Meski demikian, ia menegaskan bahwa status empat pulau yang menjadi sengketa tidak dapat langsung merujuk pada MoU Helsinki maupun UU Nomor 24 Tahun 1956.
“MoU Helsinki menegaskan bahwa wilayah Aceh mengacu kepada UU No 24 Tahun 1956, tetapi UU No 24 Tahun 1956 itu hanya menyebutkan kabupaten-kabupaten mana saja yang masuk wilayah Provinsi Aceh. Sementara status empat pulau, sepatah kata pun tidak disebutkan dalam undang-undang tersebut,” jelasnya.
Dalam hal penetapan batas wilayah, menurut Yusril, saat ini harus mengacu pada regulasi yang lebih mutakhir, yakni Undang-Undang Nomor 23 Tahun 2014 tentang Pemerintahan Daerah yang telah diubah dengan UU No 9 Tahun 2015.
“UU ini menegaskan bahwa batas daerah diputuskan dalam Peraturan Mendagri. Itu kalau UU tentang pembentukan provinsi, kabupaten, dan kota yang baru tidak menentukan secara jelas batas-batas koordinat daerah yang dimekarkan itu. Itu inti penjelasan saya,” kata Yusril.
Ia juga menanggapi tudingan yang menyebut dirinya tidak menghargai Perjanjian Helsinki. Yusril mengaku heran dan menyayangkan adanya kecaman tersebut.
“Saya sangat heran ada sementara pihak yang menuduh diri saya tidak menghargai MoU Helsinki dan berbagai kecaman lainnya,” ujarnya.

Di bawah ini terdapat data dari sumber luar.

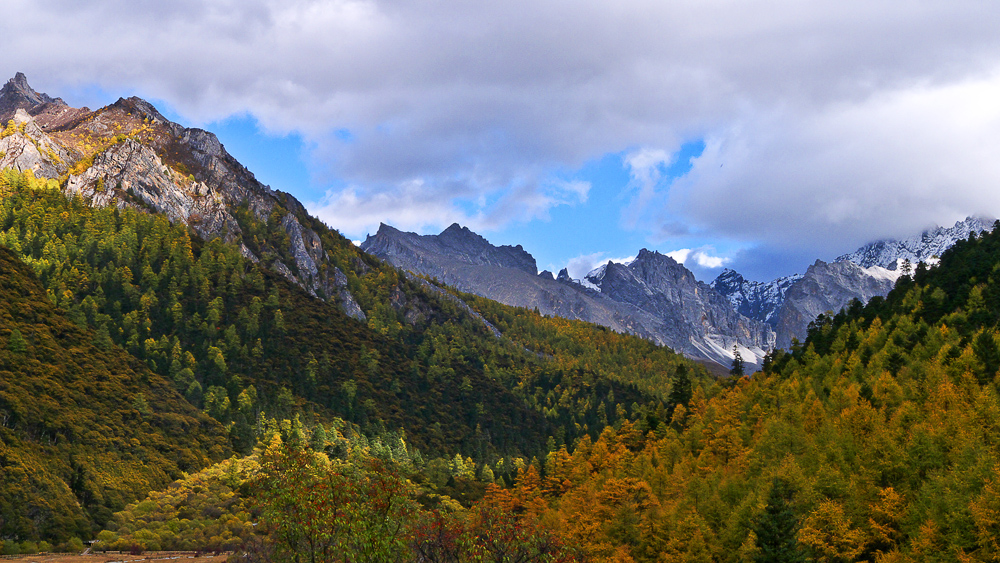 P1020009.jpg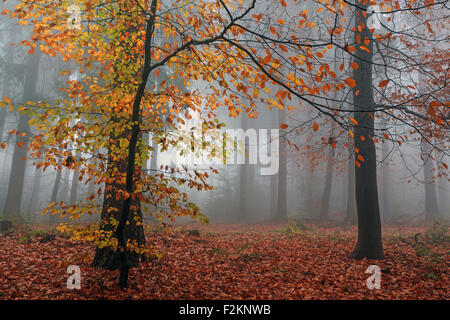 Bosco autunnale nella nebbia, vivacemente colorati, foglie di autunno foresta, alberi, Baden-Württemberg, Germania Foto Stock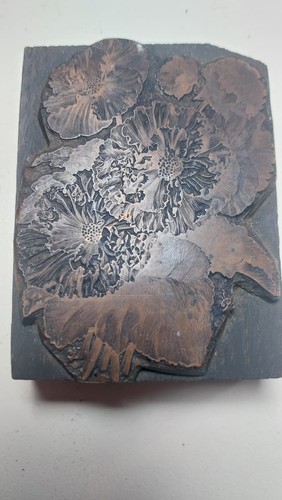 Plaque gravure botanique - gravure,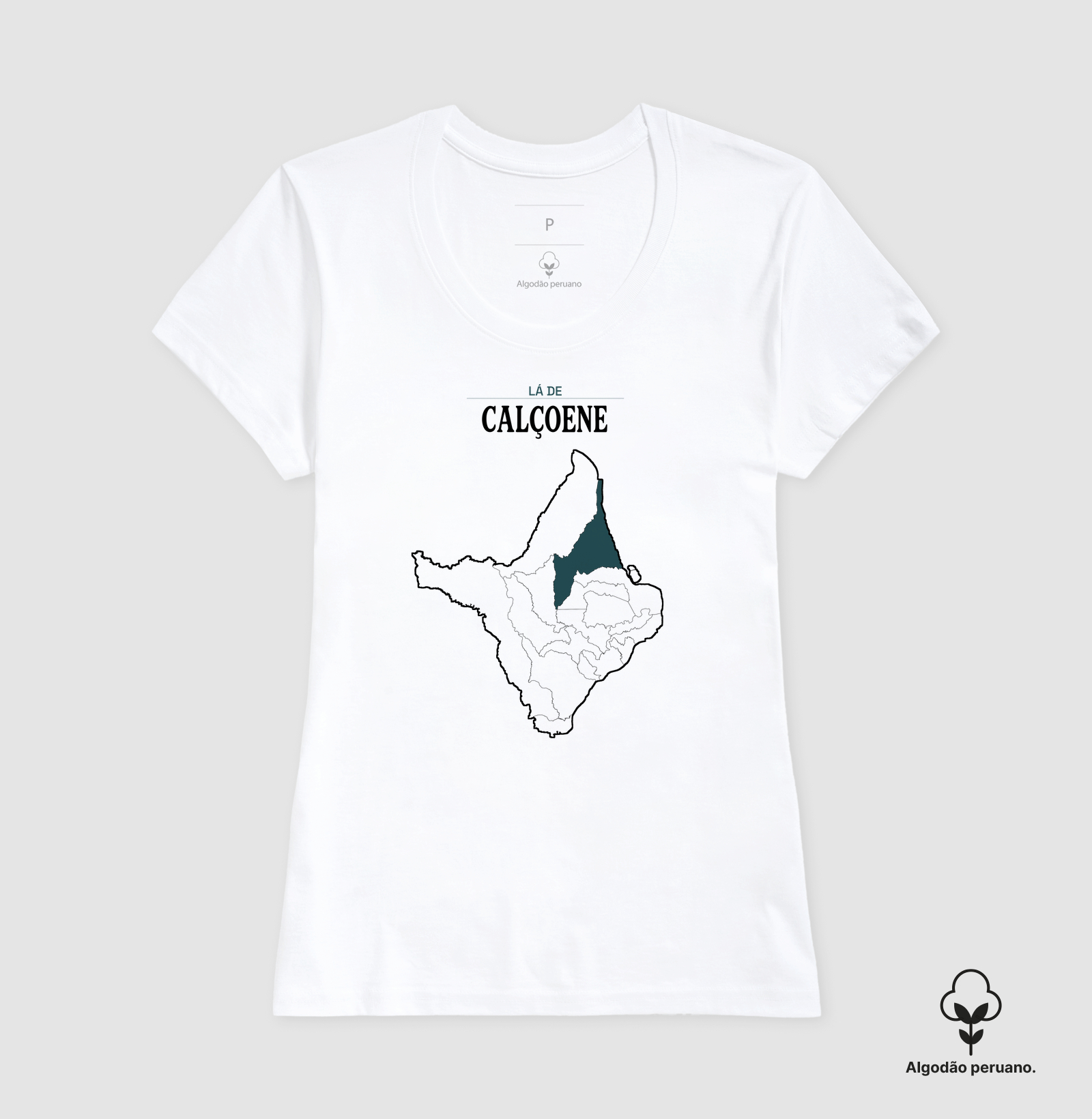 Calçoene | Território AP - Imagem 5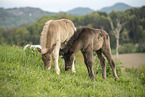 2 Icelandic horse foals
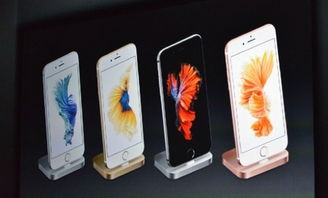 iPhone 6s vs iPhone 6：全面解析配置差异，看哪款更适合你！ 3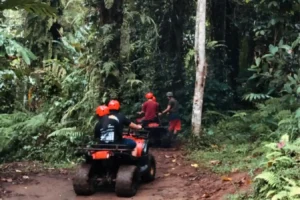 Tree Roots and Natural Obstacles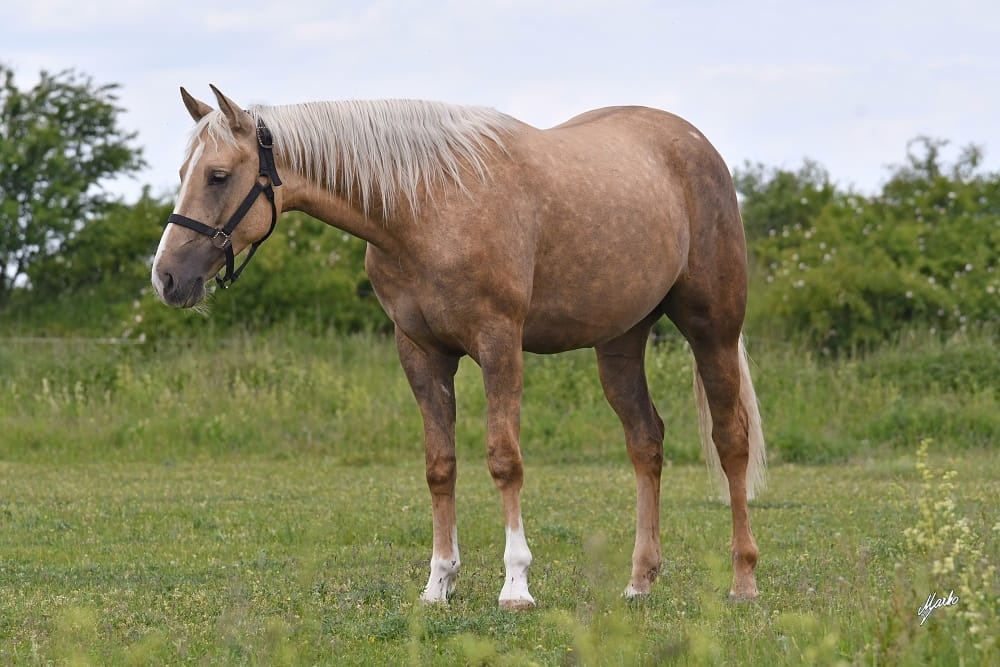 Překrásná 2,5 letá APPALOOSA kobyla, otec QH, čistý 6-panel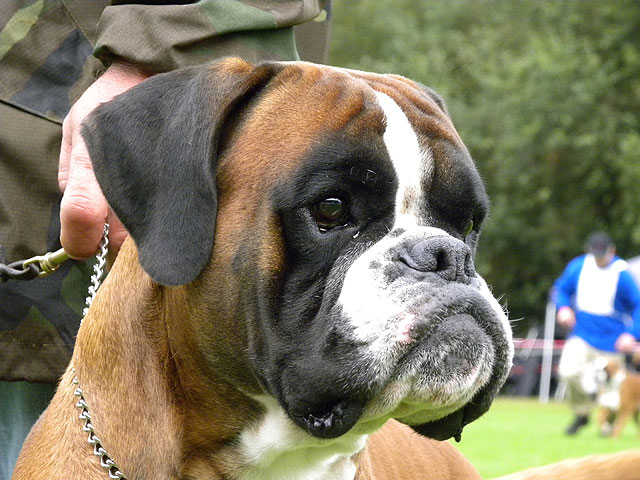 Elvis di Casa Bartolini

Terkait keputusan Presiden Prabowo Subianto yang menetapkan keempat pulau tersebut berada di wilayah Aceh, Yusril menyebut hal itu mengacu pada kesepakatan antara Gubernur Aceh Ibrahim Hasan dan Gubernur Sumut Raja Inal Siregar pada tahun 1992. Kesepakatan tersebut dibuat berdasarkan arahan Presiden Soeharto dan Mendagri saat itu, Rudini.
“Tahun 1992 itu belum ada MoU Helsinki. Seperti saya katakan tadi, MoU itu rujukan kita bersama, spirit bersama, dalam menyelesaikan masalah apa pun antara Pemerintah Pusat dengan Aceh. Rujukan detilnya bisa mengacu kepada rujukan lain seperti Kesepakatan Tahun 1992 tersebut,” tambahnya.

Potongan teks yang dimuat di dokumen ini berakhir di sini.